Determination (decision)

  1. In accordance with paragraph 52 of the Housing Ombudsman Scheme there was service failure by the landlord in its response to the leaseholder’s concerns about parking restrictions in the designated car park.
  2. In accordance with paragraph 41d of the Housing Ombudsman Scheme, the landlord’s response to the leaseholder’s concerns about roadside parking restrictions is outside of the Ombudsman’s jurisdiction to investigate.
  3. In accordance with paragraph 52 of the Housing Ombudsman Scheme there was service failure by the landlord in its complaints handling.

Reasons

  1. The landlord acted in accordance with its policy in declining to provide the leaseholder with additional parking permits for contractors. However, its communication with the leaseholder was lacking, and he was caused distress and inconvenience in having to pursue this.
  2. The landlord complied with its target response times outlined in its complaints policy. However, it did not address the leaseholder’s complaint about communication in its response at either stage 1 or stage 2. This was not in accordance with the Ombudsman’s Complaint Handling Code which provides that the landlord must address all points raised by the complainant.

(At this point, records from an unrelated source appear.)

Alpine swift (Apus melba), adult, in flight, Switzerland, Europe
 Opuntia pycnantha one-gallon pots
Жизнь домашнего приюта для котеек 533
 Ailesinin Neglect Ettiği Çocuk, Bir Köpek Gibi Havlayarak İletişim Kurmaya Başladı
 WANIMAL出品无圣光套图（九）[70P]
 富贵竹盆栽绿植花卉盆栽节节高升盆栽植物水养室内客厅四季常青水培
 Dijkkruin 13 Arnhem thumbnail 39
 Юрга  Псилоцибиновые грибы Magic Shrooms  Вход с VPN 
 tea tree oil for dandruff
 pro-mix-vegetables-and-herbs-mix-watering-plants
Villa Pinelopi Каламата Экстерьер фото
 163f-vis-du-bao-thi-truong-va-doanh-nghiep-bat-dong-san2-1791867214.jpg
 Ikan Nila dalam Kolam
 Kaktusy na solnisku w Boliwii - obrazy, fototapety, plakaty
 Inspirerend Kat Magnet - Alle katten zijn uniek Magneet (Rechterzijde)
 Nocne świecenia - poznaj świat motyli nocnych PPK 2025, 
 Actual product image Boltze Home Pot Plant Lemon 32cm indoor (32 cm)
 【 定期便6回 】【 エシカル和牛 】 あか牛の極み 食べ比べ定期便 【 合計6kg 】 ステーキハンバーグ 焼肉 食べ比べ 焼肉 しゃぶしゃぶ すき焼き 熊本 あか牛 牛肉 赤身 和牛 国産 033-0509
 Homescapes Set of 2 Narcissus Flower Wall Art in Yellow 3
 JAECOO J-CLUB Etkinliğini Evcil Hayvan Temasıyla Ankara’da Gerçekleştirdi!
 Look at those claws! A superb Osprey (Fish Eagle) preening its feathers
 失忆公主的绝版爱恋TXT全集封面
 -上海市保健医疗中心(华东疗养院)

Orders and recommendations

  1. Within four weeks of the date of this report, the landlord is to pay the leaseholder the amount of £175 which comprises of:
    1. £100 for the distress and inconvenience, time and trouble caused to the leaseholder by its failure to communicate effectively with the leaseholder in relation to his parking enquiries.
    2. £75 for the distress and inconvenience caused to the leaseholder by its complaint handling failures.